The Best Sport and Recreation Structural BIM Project 2023

The downtown area of Tampere – the largest inland city in the Nordic region – has been transformed through the construction of an extensive residential, commercial and entertainment complex: The Tampere Deck and Arena. 

BIM tools were essential in overcoming several major engineering challenges.

As its name suggests, the development rests on a new 20,000 m2 elevated deck constructed above the railway lines that connect Tampere to the rest of Finland. This feat of engineering is an exemplary way of reusing space to create a new city neighborhood, but it wasn’t easy to construct.

In a typical deck construction, support pillars of the required dimensions are placed where needed to bear the load from above. But with the Tampere project taking place between the railway lines – while the trains were still running – the pillars could not always be placed in the ideal locations. This was further complicated by the buildings above the deck varying in size and dimension, so the load is not constant throughout.
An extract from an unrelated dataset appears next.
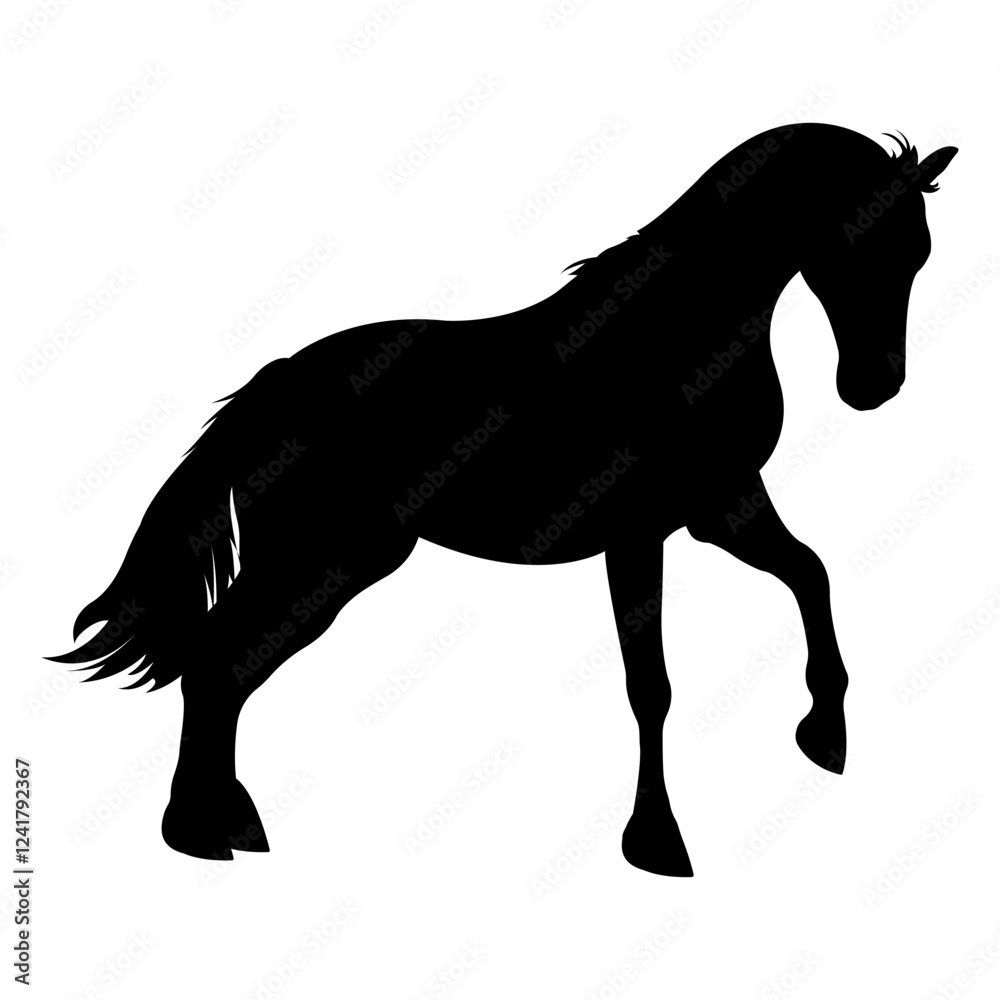 Obraz premium Horse silhouette.6.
“The biggest challenge was related to the placement and construction of the 200 or so pillars supporting the deck,” says Jenni Ala-Mantila, a Business Development Manager at SRV Rakennus, the project’s main contractor. “The shape of the arena was unusual, so the massive loads on the pillars needed to be simulated multiple times."

"We could never have done this work with just pen and paper. It would have been impossible to manage without BIM tools.”
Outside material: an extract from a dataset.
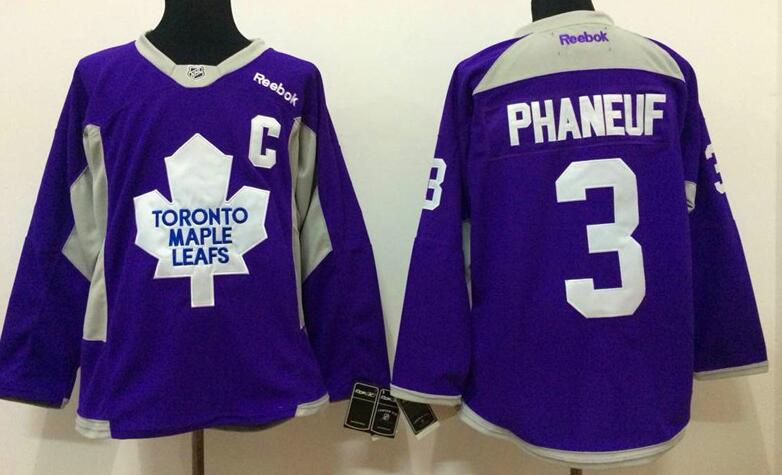 Toronto Maple Leafs 3 dion Phaneuf purple men nhl ice hockey jerseys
Ala-Mantila was responsible for coordinating the project for three years. This role included managing some 400 subcontractors, coordinating materials fabrication and delivery, and working with the structural designers who created more than 500 BIM models. Project data from the accurate and information-rich 3D models were complete and easy to understand.
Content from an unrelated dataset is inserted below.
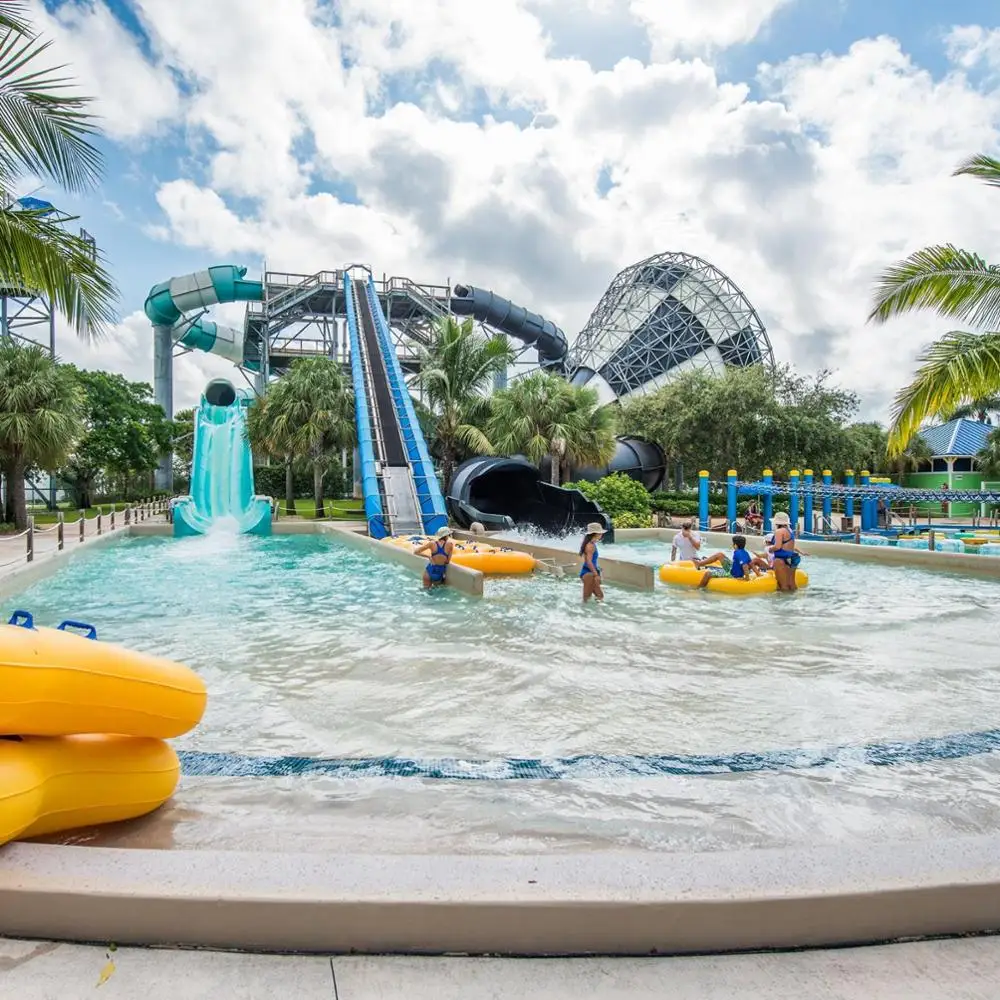 Fiberglass Large Water Slides Used Swimming Pool Slide for Sale Outdoor Playground Water Park Free Fall Kids & Adult Body Slide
Irregular designs, complicated scheduling

Another big challenge came from the unusual shape of the 15,000-capacity multifunctional event complex, now called the Nokia Arena. Comprising thousands of segments of different shapes and sizes, the venue can best be described as an irregularly shaped oval. It’s also made up of multiple layers of materials.

“This beautiful design vision was not very easy to construct,” says Ala-Mantila. “Each part of the arena has slightly different size and slope dimensions, so there was a lot of variety in terms of bending the steelwork.”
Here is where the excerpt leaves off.